Where a picture appears, leave it out, and transcribe all the lines below exactly.
---------- Data block ----------
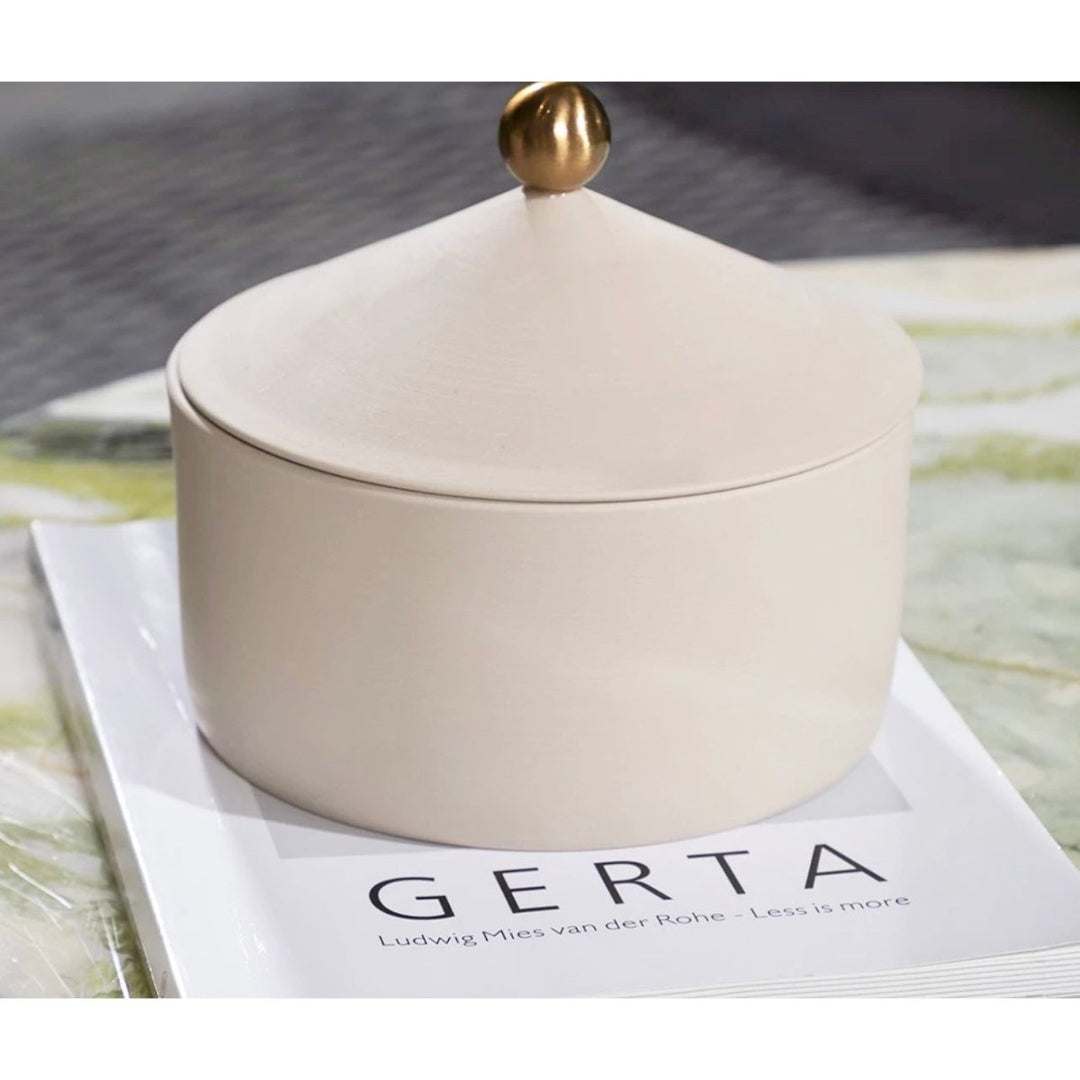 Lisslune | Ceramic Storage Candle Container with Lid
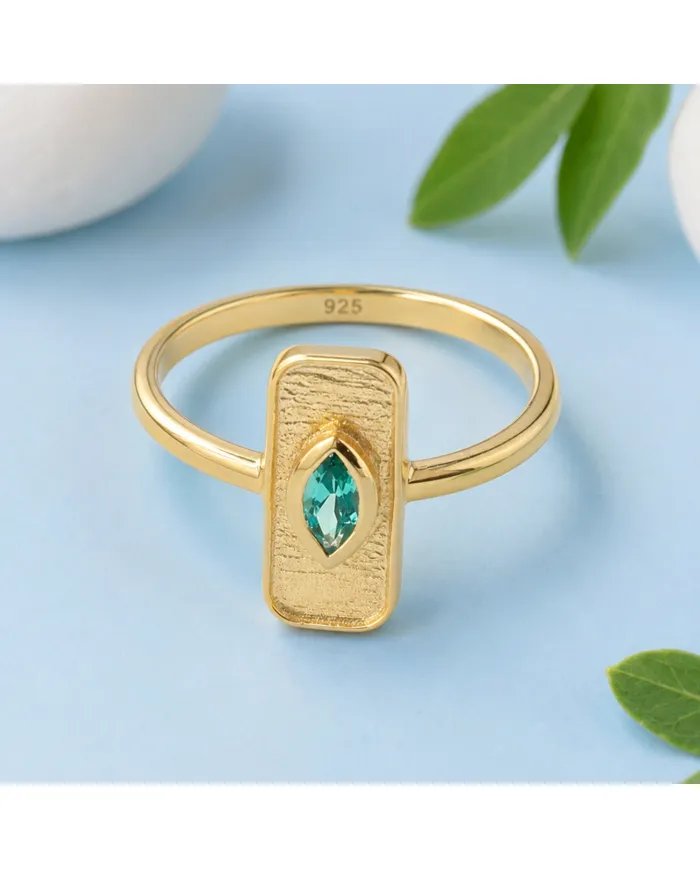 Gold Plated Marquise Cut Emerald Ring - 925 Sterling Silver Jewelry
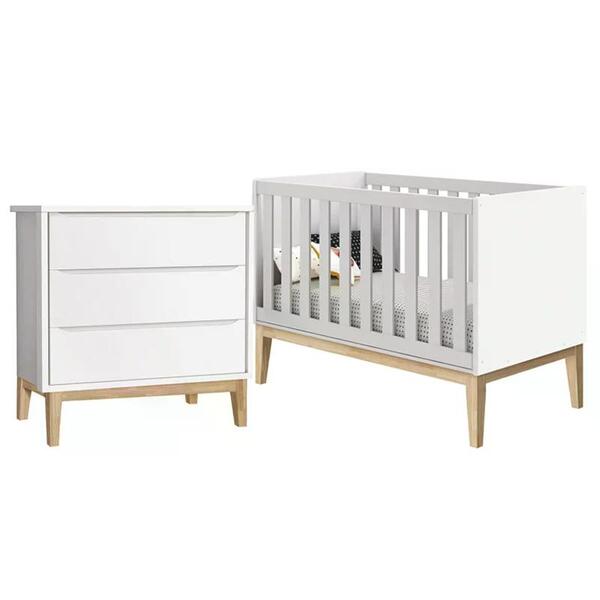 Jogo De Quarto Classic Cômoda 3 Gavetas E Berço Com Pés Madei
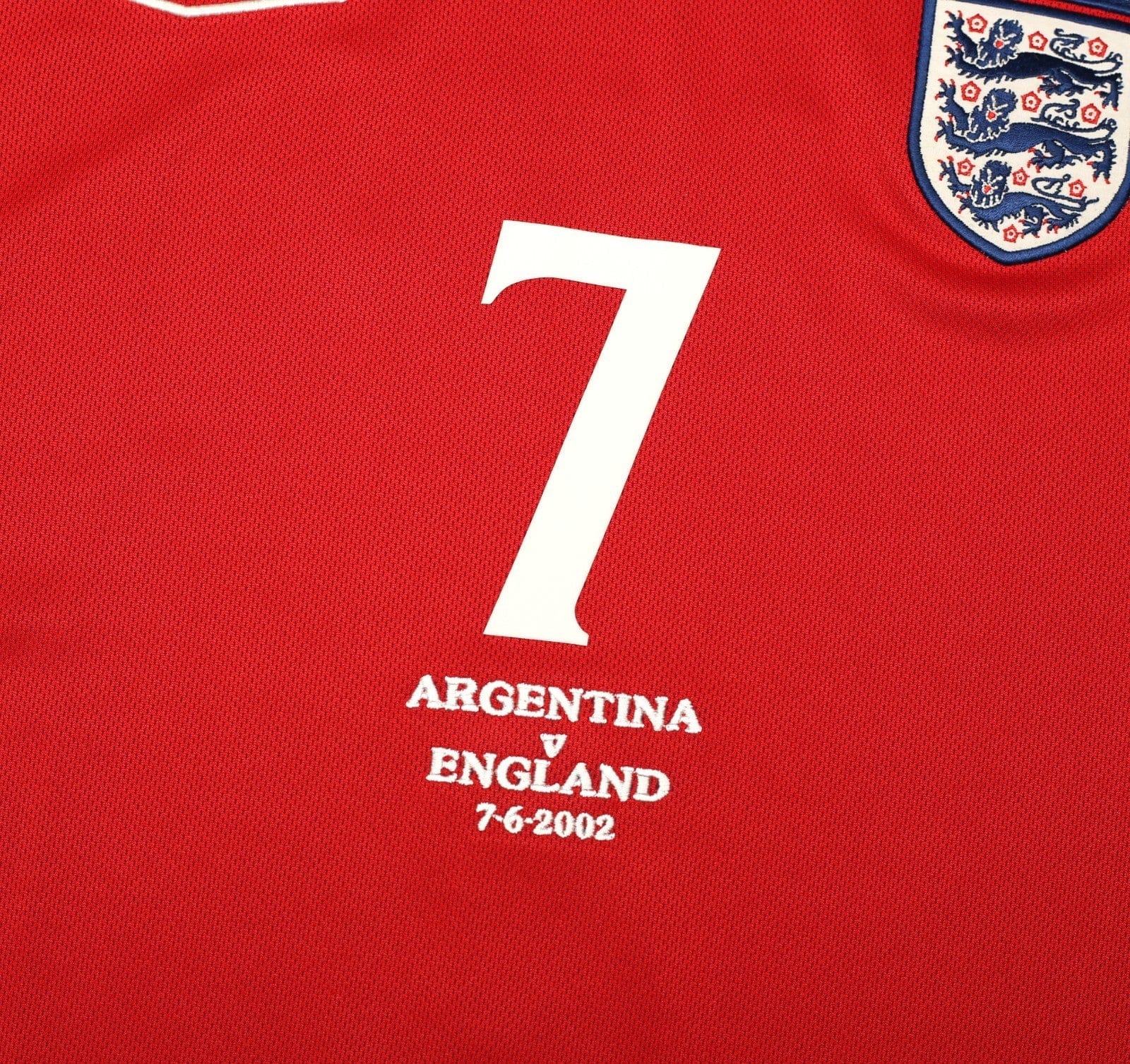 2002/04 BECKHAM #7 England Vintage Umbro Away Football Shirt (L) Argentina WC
----------
• Solution to this task:
 Lisslune | Ceramic Storage Candle Container with Lid
 Gold Plated Marquise Cut Emerald Ring - 925 Sterling Silver Jewelry
 Jogo De Quarto Classic Cômoda 3 Gavetas E Berço Com Pés Madei
 2002/04 BECKHAM #7 England Vintage Umbro Away Football Shirt (L) Argentina WC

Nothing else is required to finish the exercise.